DATA FOR PROCESSING -
*-*-*
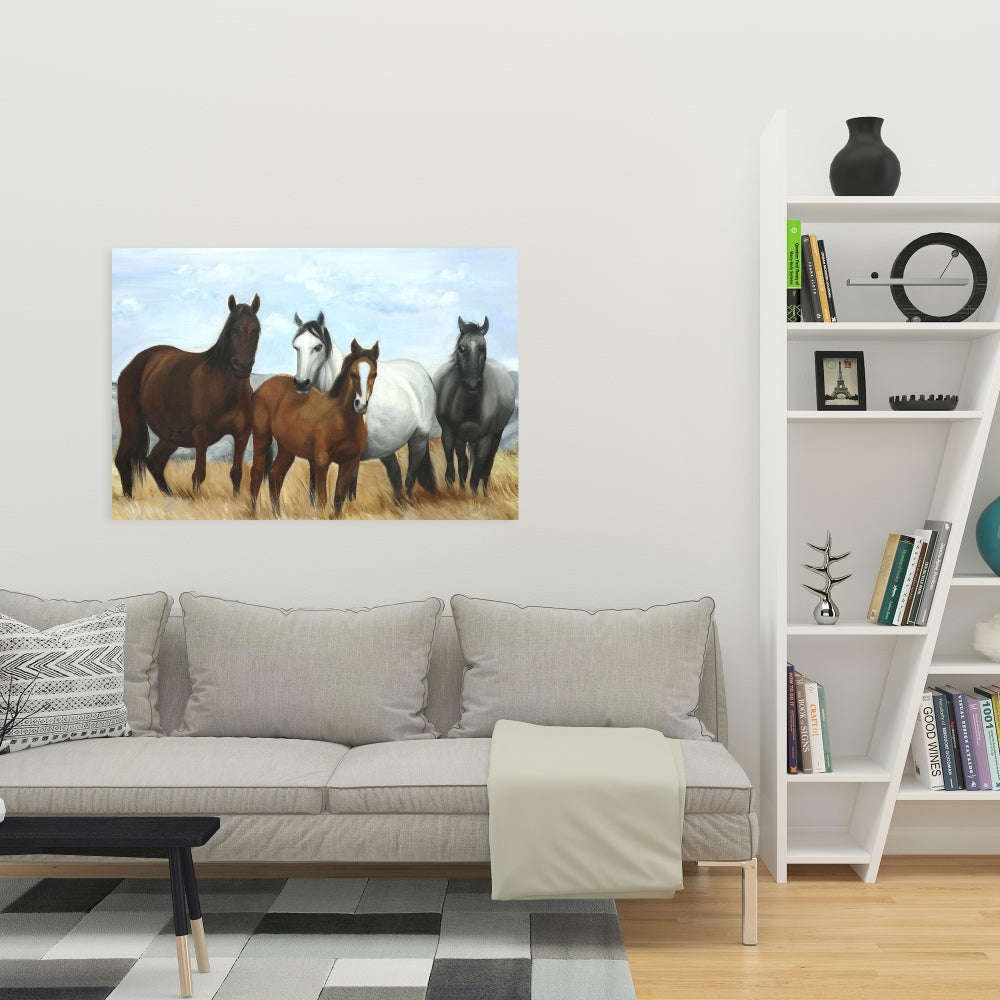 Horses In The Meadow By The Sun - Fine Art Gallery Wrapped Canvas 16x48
*-*-*
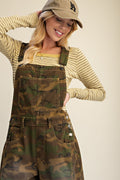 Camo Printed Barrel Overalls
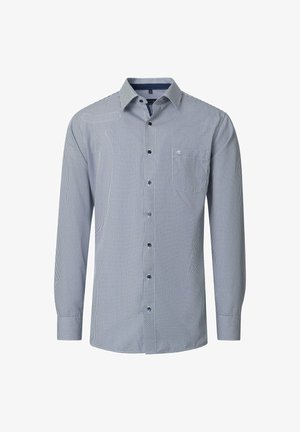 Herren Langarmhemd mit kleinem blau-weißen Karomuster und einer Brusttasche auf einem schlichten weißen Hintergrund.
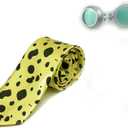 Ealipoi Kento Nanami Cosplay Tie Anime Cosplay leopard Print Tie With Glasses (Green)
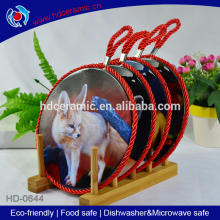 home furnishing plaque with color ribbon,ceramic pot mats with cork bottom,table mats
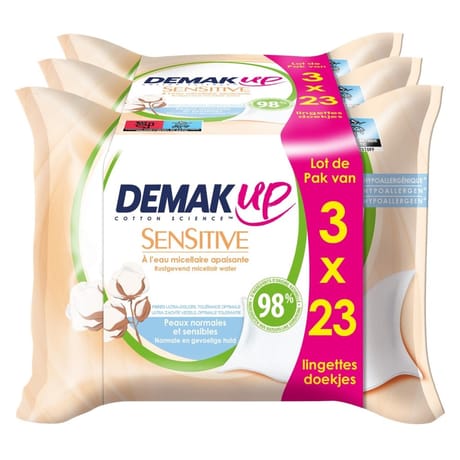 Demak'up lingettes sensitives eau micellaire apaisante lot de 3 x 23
*-*-*
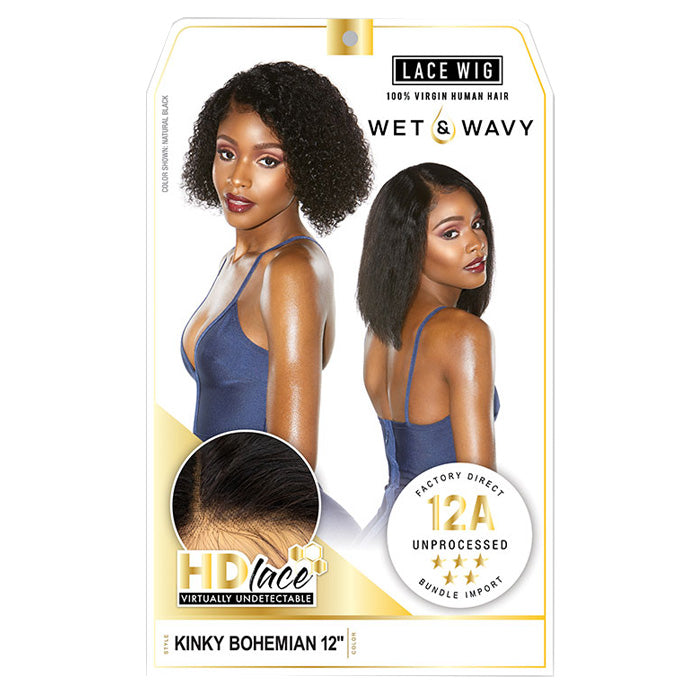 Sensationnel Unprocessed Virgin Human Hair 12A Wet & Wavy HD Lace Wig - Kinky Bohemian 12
*-*-*
BRIEF -
Write out exactly the lines above between the one with "home furnishing plaque" and the one with "Demak'up lingettes sensitives", inclusive, with pictures left out.

RESULT -
 home furnishing plaque with color ribbon,ceramic pot mats with cork bottom,table mats
 Demak'up lingettes sensitives eau micellaire apaisante lot de 3 x 23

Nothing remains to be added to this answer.